The beats were easy to learn, too. There was one big BOOM, followed by one beat of silence, then another big BOOM, and it repeated ad nauseum. They were so easy because they were so boring. I would sit in the big chair during practice time with the huge drum between my legs, twirl the stick between BOOMs, and put some oomph into it, but I was so bored.
It was especially difficult toting around that bass drum when right next to me were the tenors. Boy, how I wanted to be a tenor. They had these cool straps that didn’t cut into their shoulders. In fact, their straps were across just one shoulder so they looked cool, like I imagined professionals in a real drum corps looked. And they had two drumsticks that flew through the air as they tapped out their swift beat to my steady one.
Don’t even get me started on the snares. Where the tenors were speedy, and their sticks began to blur at times, the snares were sneaky, the patter of their beat like rain coming down on a tin roof. They were like soldiers at the back of our drum line, tapping out a kind of primitive Morse code, and yet it all worked. You know, except for me and that huge bass that was like an anchor around my neck.
On rare occasions we would have a wacky day at drum corps practice where we would each take on a drum that wasn’t our own. Then we would go through each series of drum beats (they were complicated for everyone else but me, normally), from 1 through 4, and see if we could get through each series without any mistakes. I prided myself on taking a different drum during those times and making sure I wasn’t the one who messed up. Maybe deep in the back of my mind I hoped the corps leaders would see my prowess with different drums and make the switch permanent.
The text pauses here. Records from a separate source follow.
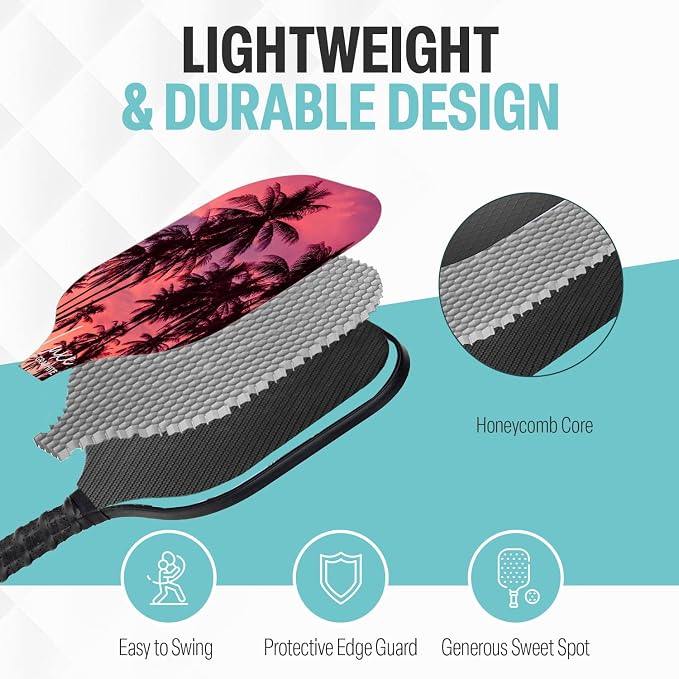 Palms-O-Aces Carbon Fiber Pickleball Paddle – USAPA Approved 16mm T700 Graphite Paddle with Textured Spin Surface | Lightweight Carbon Fiber Pickleball Paddles & Racket | Includes Paddle Cover
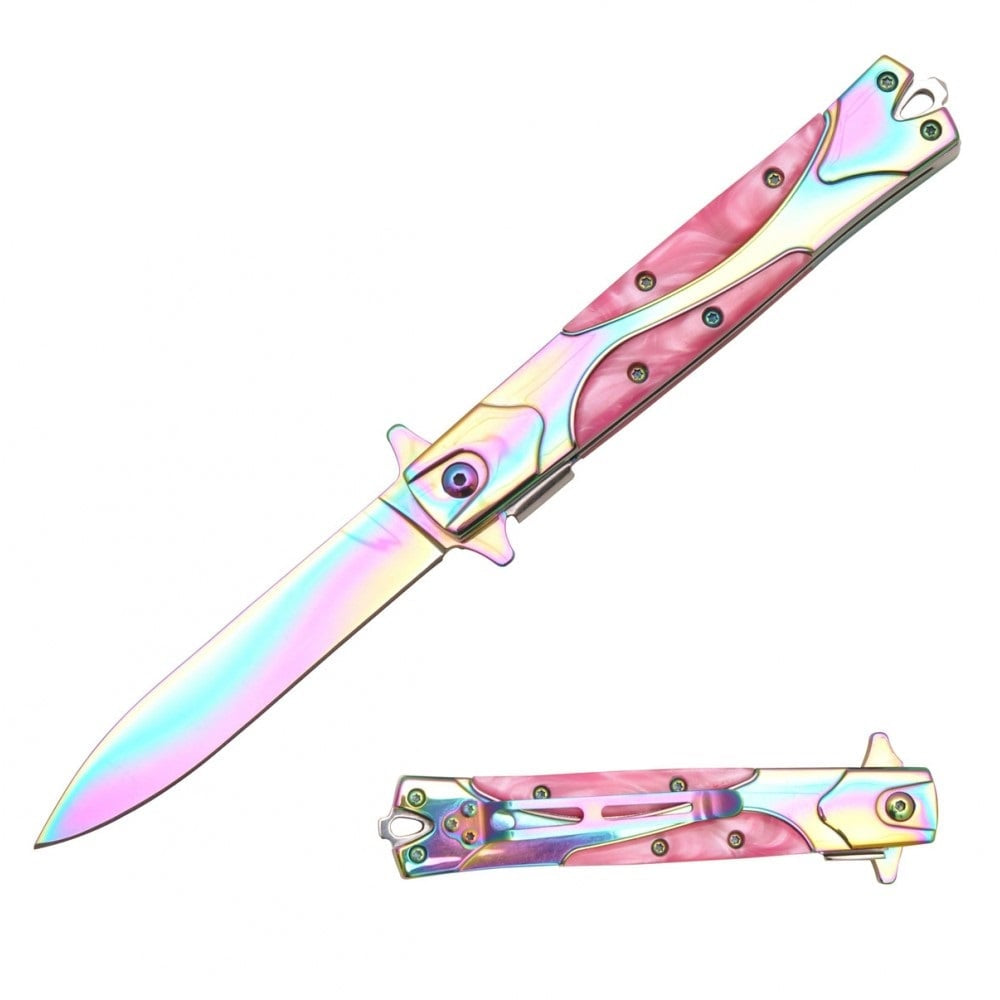 Rainbow Stiletto Style Spring Assisted Knife - Pink Pearl Handle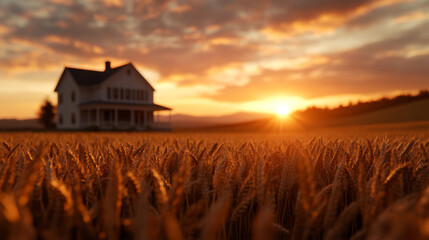 quaint farmhouse surrounded by golden wheat fields at s et, evoking tranquility and warmth
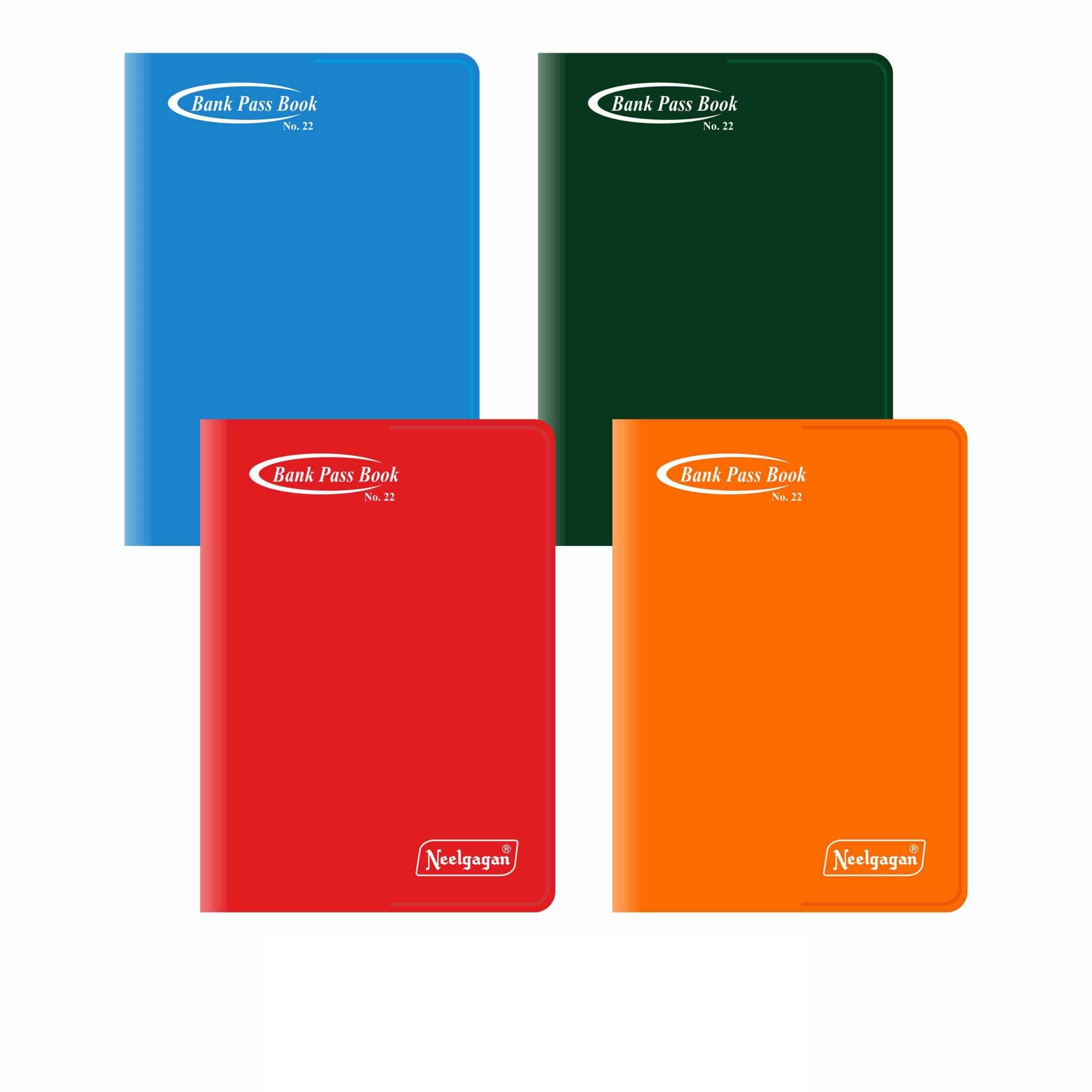 NEELGAGAN Bank Pass Book No. 44 (264 Pages) (12.0cm x 18.0cm) Soft Rexine Cover Pack of- 3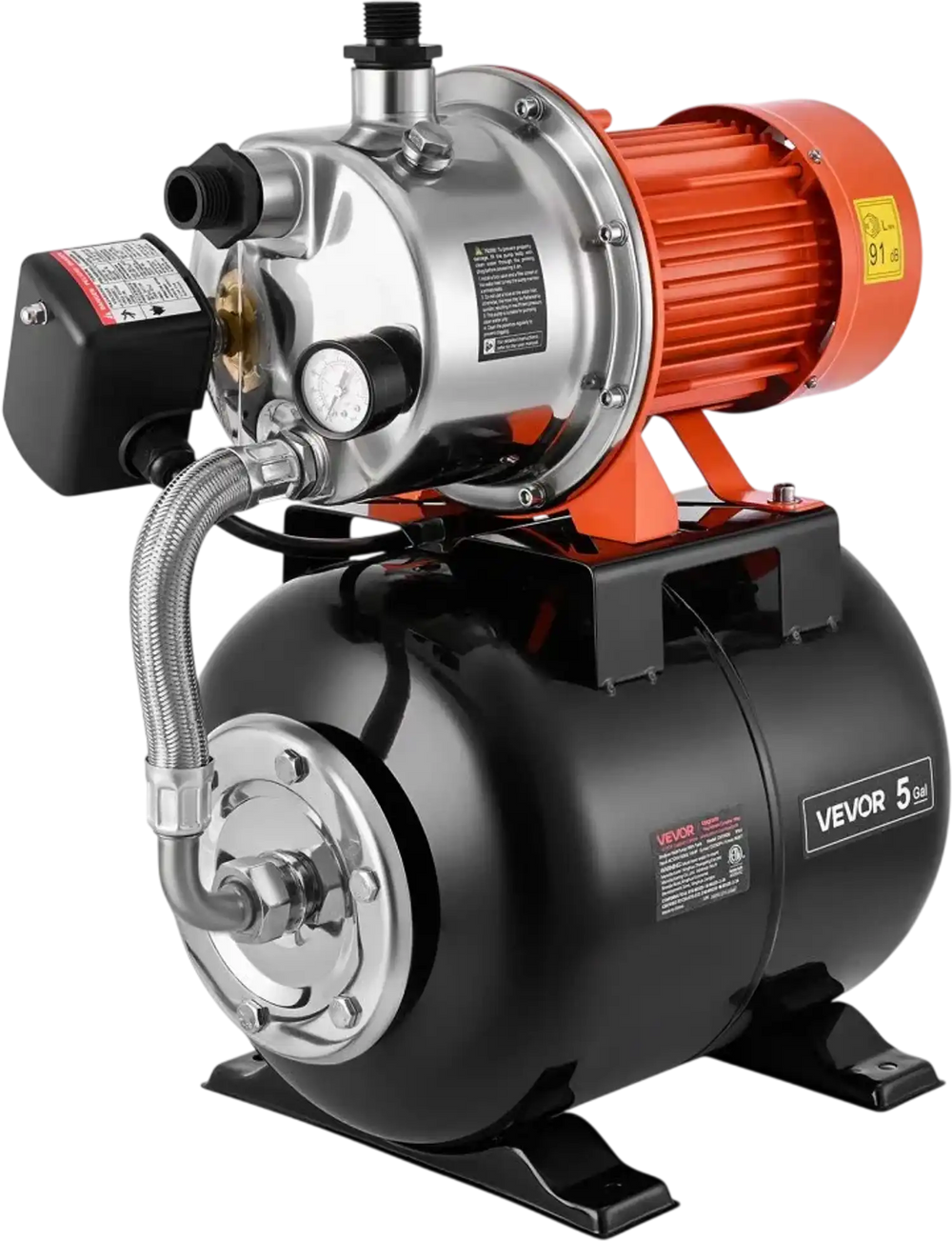 VEVOR 1.6 HP Shallow Well Pump with Pressure Tank, 120V 1320 GPH, Stainless Steel Irrigation Jet Pump with 5-Gal Pressure Tank, Automatic Water Booster System, for Home Garden Lawn, Potable Water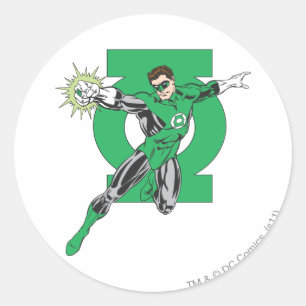 Grüne Laterne u. Symbol Runder Aufkleber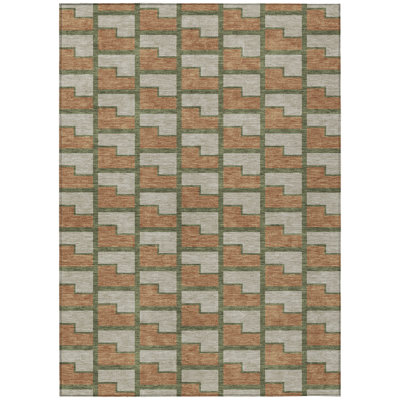 Machine Washable Indoor/Outdoor Lipman ACN2416 Geometric Rug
It never happened. But on some level I guess that was okay. I mean, without me and the solid backbeat I set for everyone else the rest of the beat would meander instead of stick in rhythm. If it wasn’t for me and that dreadfully heavy bass there would have been no drum corps, and that ended up being good enough for me eventually. Of course by then some of the others had grown bigger and could have handled the drum. But it was mine along with the beat. Along with the beat.